● Your objective
Your copy should run exactly from the line containing "四虎影视专业厨师团队在厨房中精心准备美食" to the last line of the entries below, and it should include no pictures.

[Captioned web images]
:::::
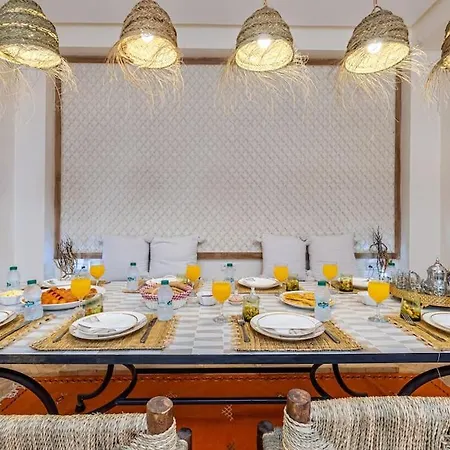 Riad Macan Exclusive And Trendy Chich Breakfast Incl-2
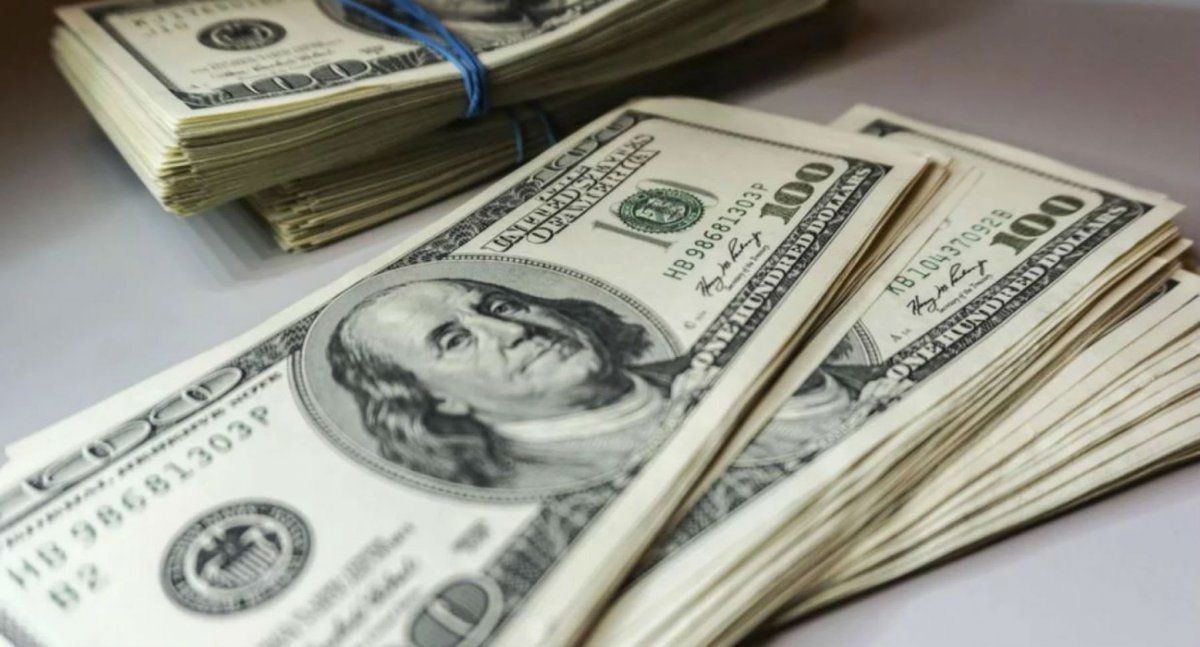 Día muy verde: el BCRA no intervino, el dólar se disparó a $28,43 y alcanzó un nuevo récord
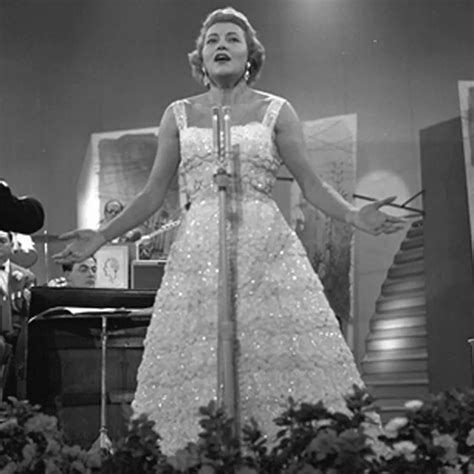 Nilla Pizzi sul palco di Sanremo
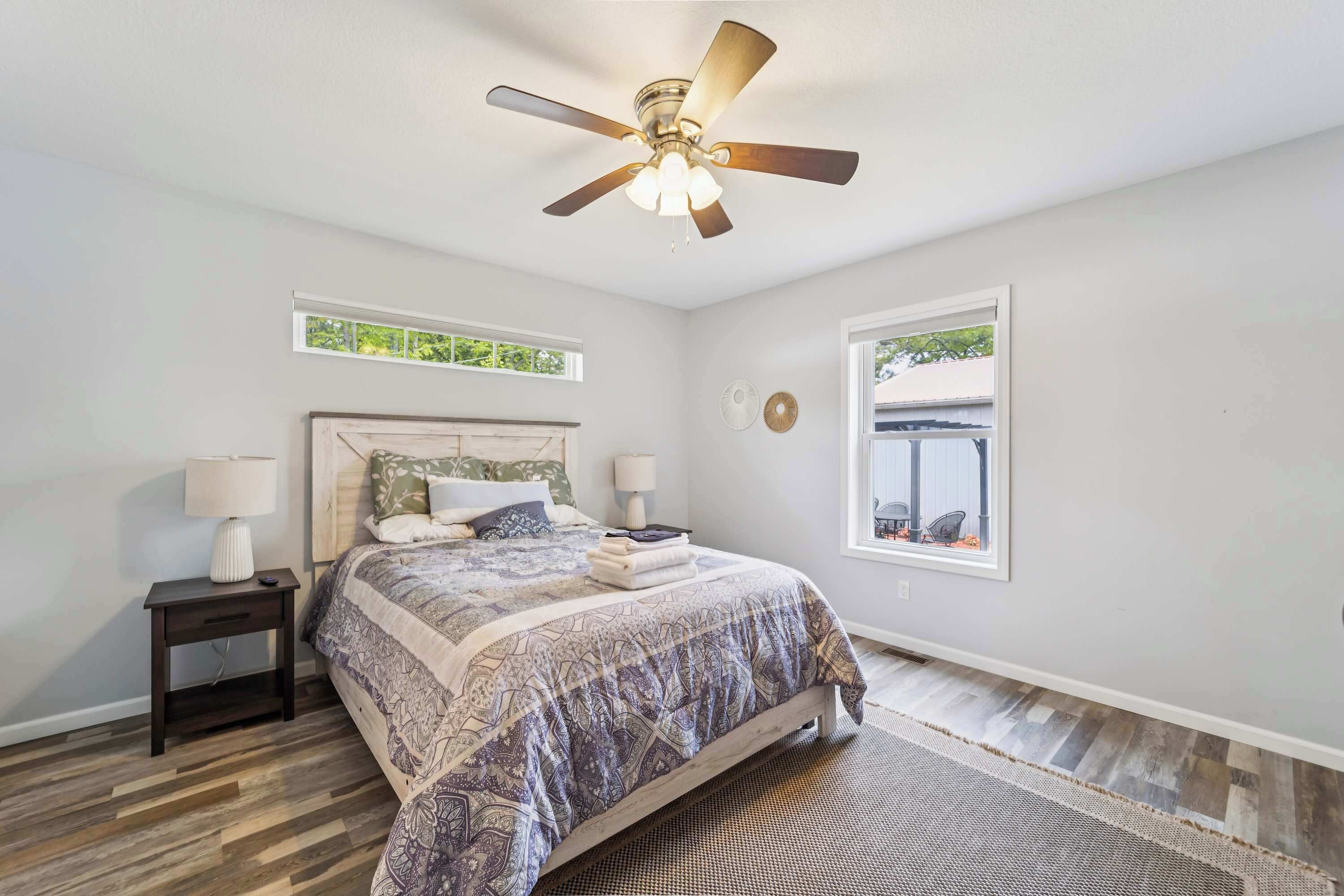 3 bedrooms, desk, WiFi, bed sheets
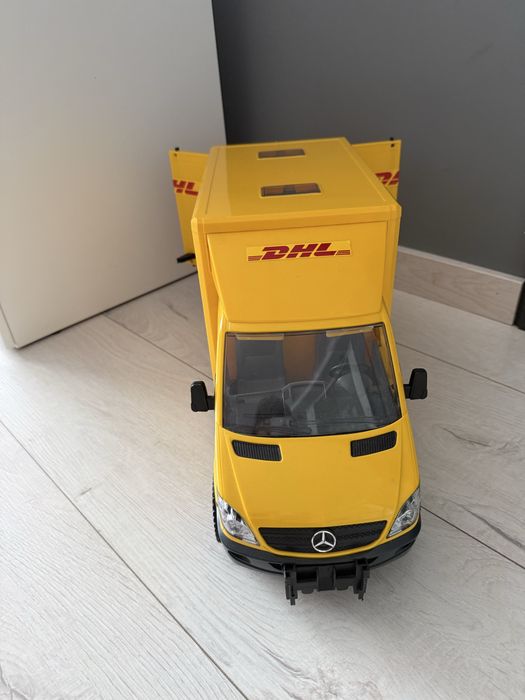 Bruder DHL sprinter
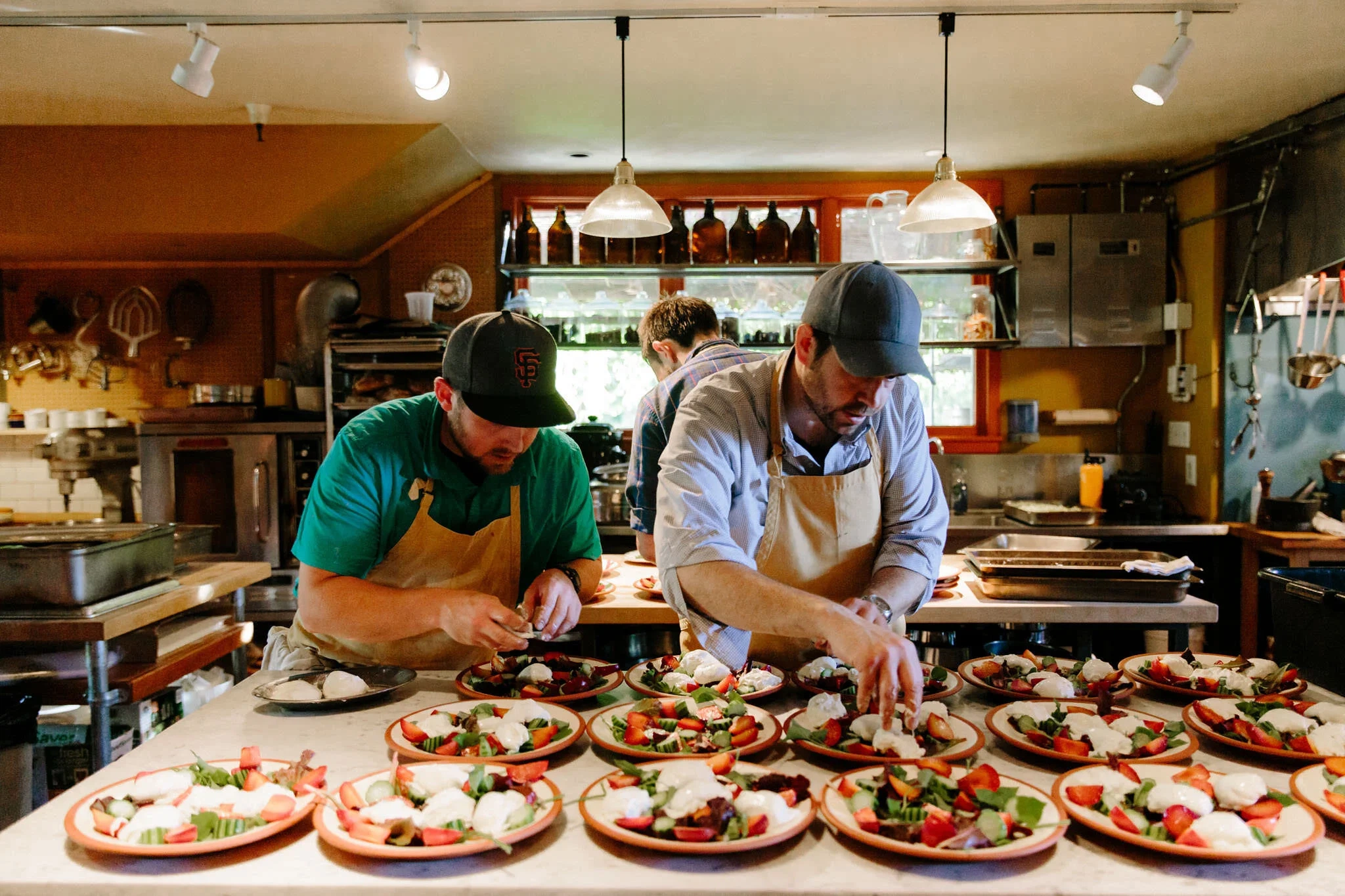 四虎影视专业厨师团队在厨房中精心准备美食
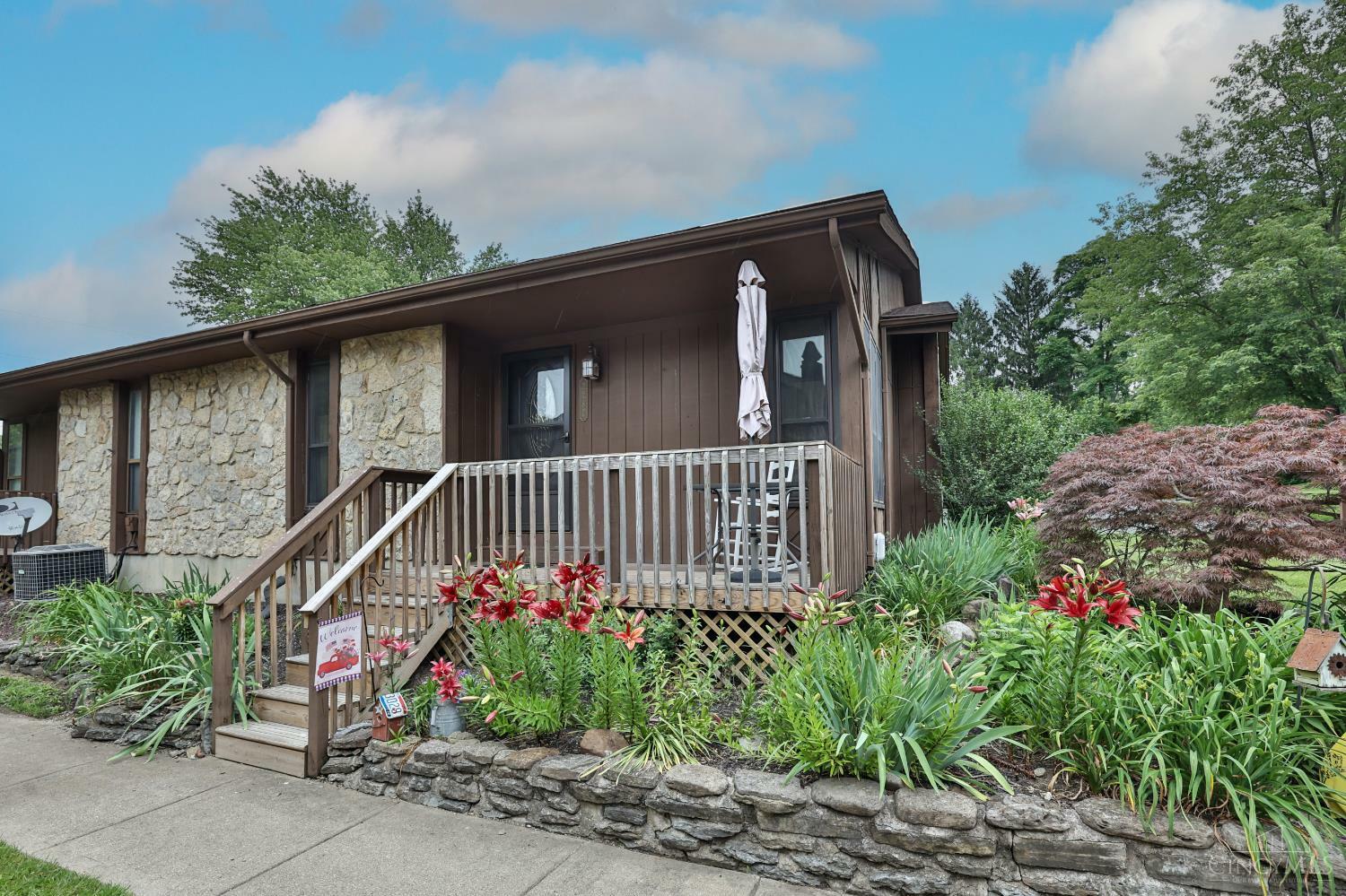 Property Photo:  2282 Joshua Circle  OH 45044 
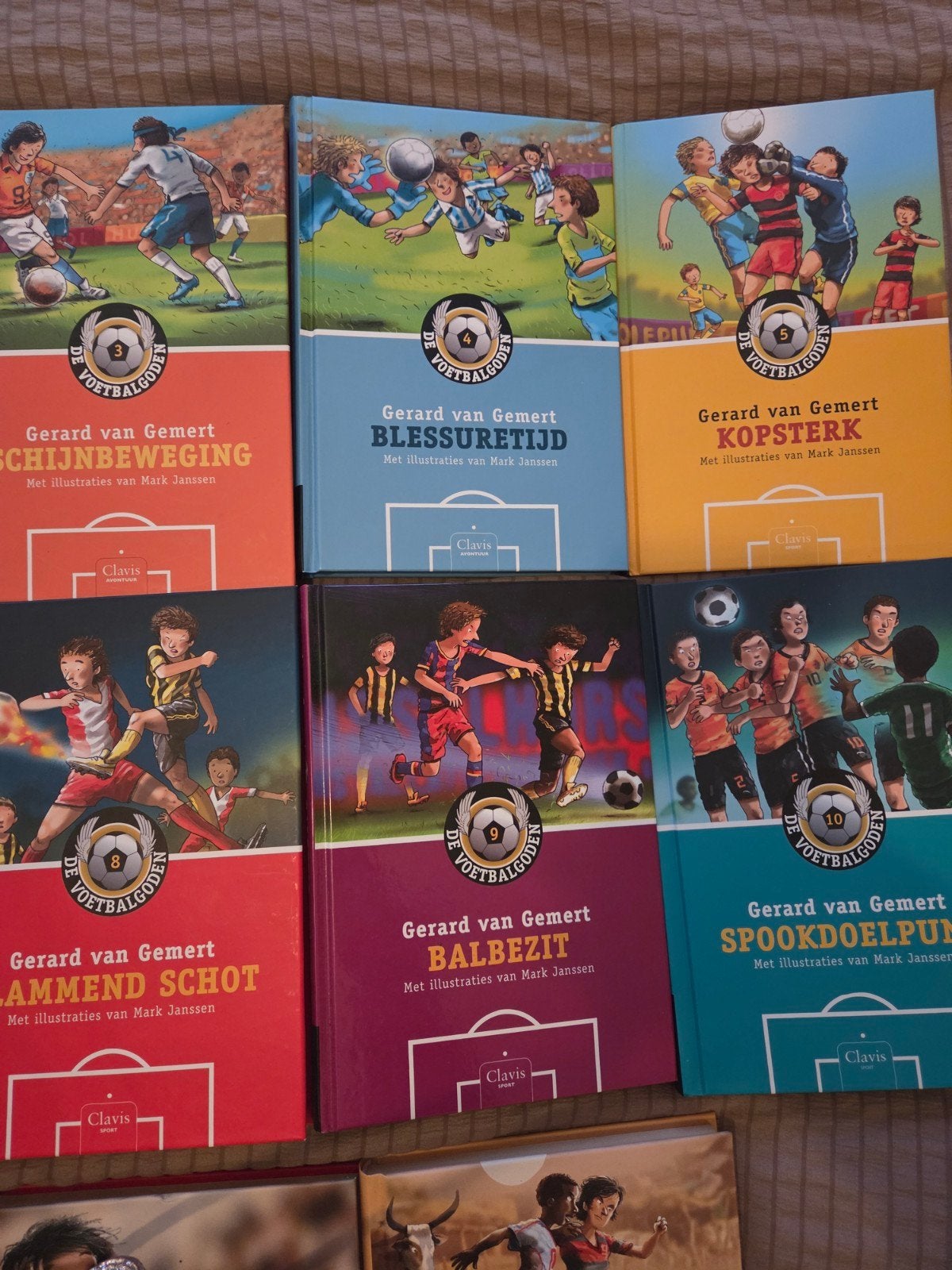 Gérard van Gemert - De Voetbalgoden serie (voor dyslexie), Boeken, Ophalen of Verzenden, Nieuw, Gerard van Gemert, Fictie algemeen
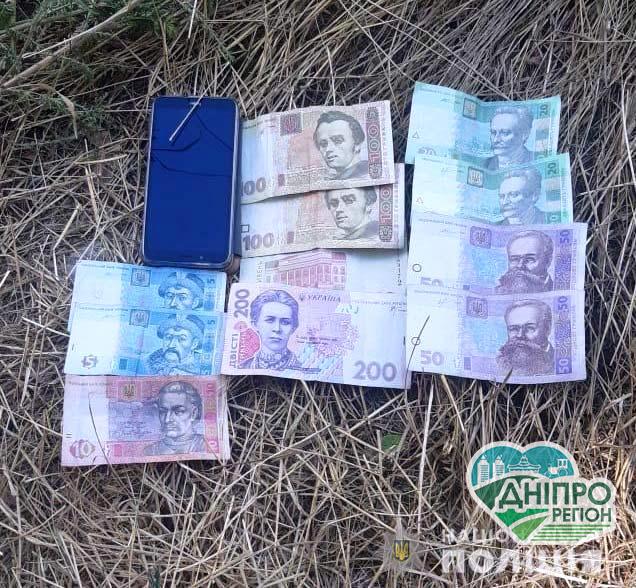 Под Днепром задержали наркосбытчика с товаром и деньгами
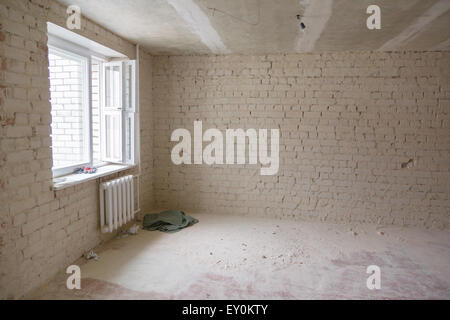 Vorschau-Wohnung, wo mit der Verarbeitung aller Oberflächen Renovierungsarbeiten stattfinden Stockfoto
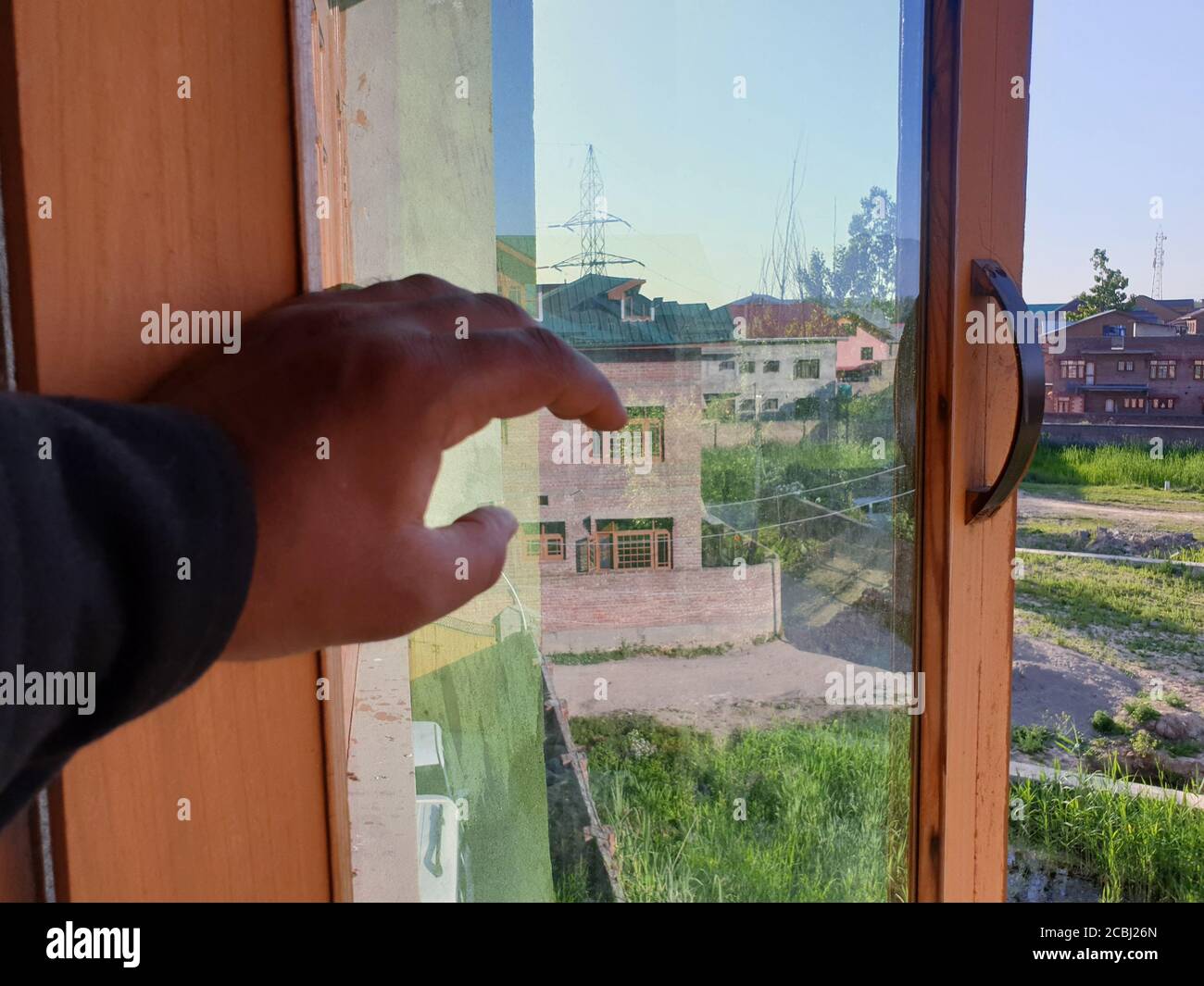 Case galleggianti in legno e ponti sembrano belli. Foto Stock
:::::
● Response for this exercise
 四虎影视专业厨师团队在厨房中精心准备美食
 Property Photo:  2282 Joshua Circle  OH 45044 
 Gérard van Gemert - De Voetbalgoden serie (voor dyslexie), Boeken, Ophalen of Verzenden, Nieuw, Gerard van Gemert, Fictie algemeen
 Под Днепром задержали наркосбытчика с товаром и деньгами
 Vorschau-Wohnung, wo mit der Verarbeitung aller Oberflächen Renovierungsarbeiten stattfinden Stockfoto
 Case galleggianti in legno e ponti sembrano belli. Foto Stock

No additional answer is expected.